# WHAT YOU NEED TO DO:
Copying starts at the line containing "Žáci ZŠ si vyzkoušeli" and stops after the last line of the records; each line is repeated exactly, and pictures are skipped.

[Collected data]

● ● ● ●

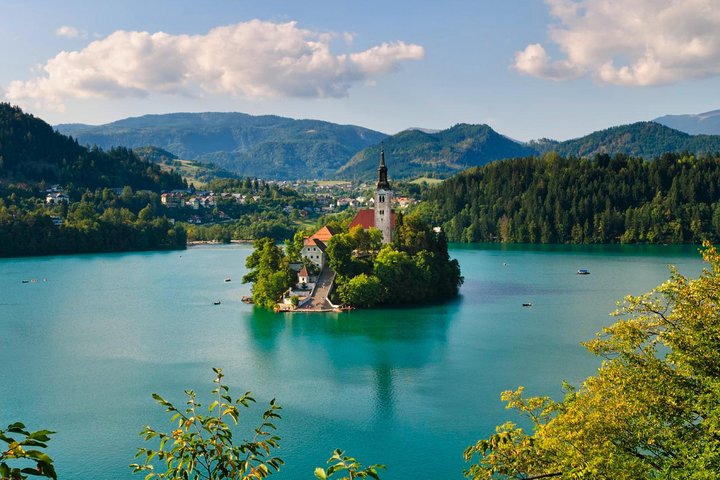 Ljubljana & Lake Bled (up to 8 persons) - Image 1
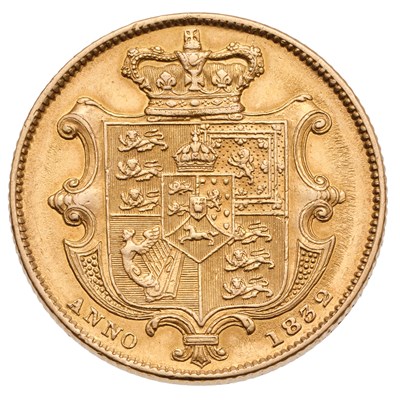 Lot 294 - William IV, Sovereign 1832, second bust,...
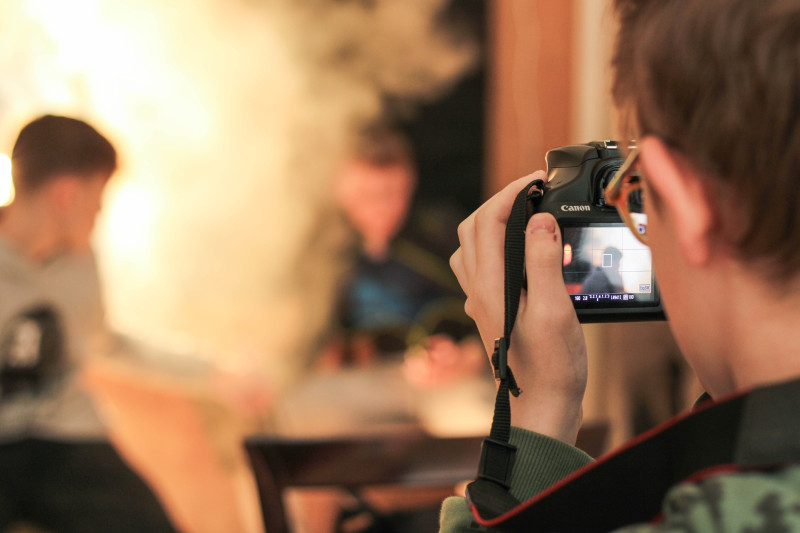 Žáci ZŠ si vyzkoušeli práci portrétního fotografa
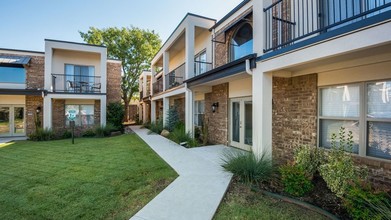 The Terraces at Lakehurst in Oklahoma City, OK - Building Photo - Building Photo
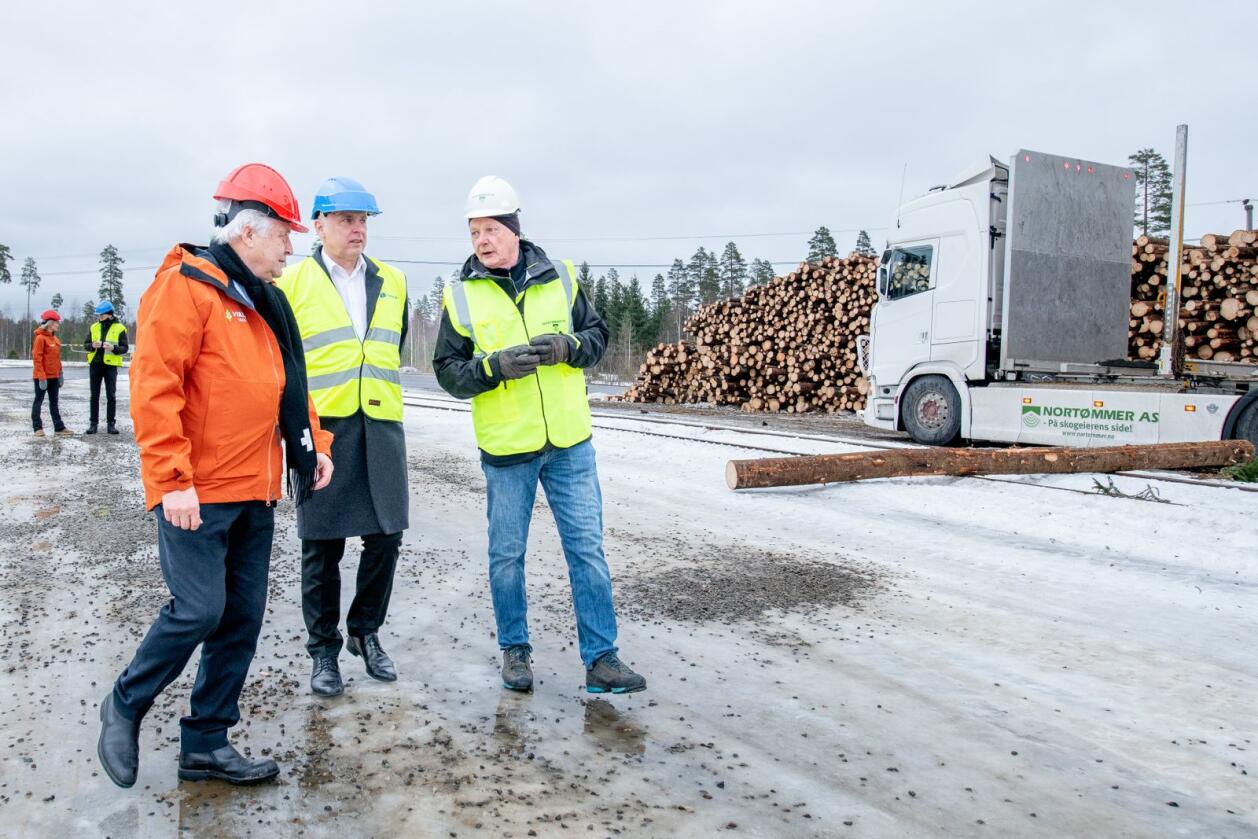 Skognæringa er glade for at ny tømmerterminal er på plass på Hauerseter i Ullensaker. Fra venstre: Olav Breivik (direktør i Viken Skog), Sven Ombudstvedt (konsernsjef, Norske Skog) og Arne Rørå (direktør i Nortømmer). Foto: Vidar Sandnes.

● ● ● ●

# TASK OUTPUT:
 Žáci ZŠ si vyzkoušeli práci portrétního fotografa
 The Terraces at Lakehurst in Oklahoma City, OK - Building Photo - Building Photo
 Skognæringa er glade for at ny tømmerterminal er på plass på Hauerseter i Ullensaker. Fra venstre: Olav Breivik (direktør i Viken Skog), Sven Ombudstvedt (konsernsjef, Norske Skog) og Arne Rørå (direktør i Nortømmer). Foto: Vidar Sandnes.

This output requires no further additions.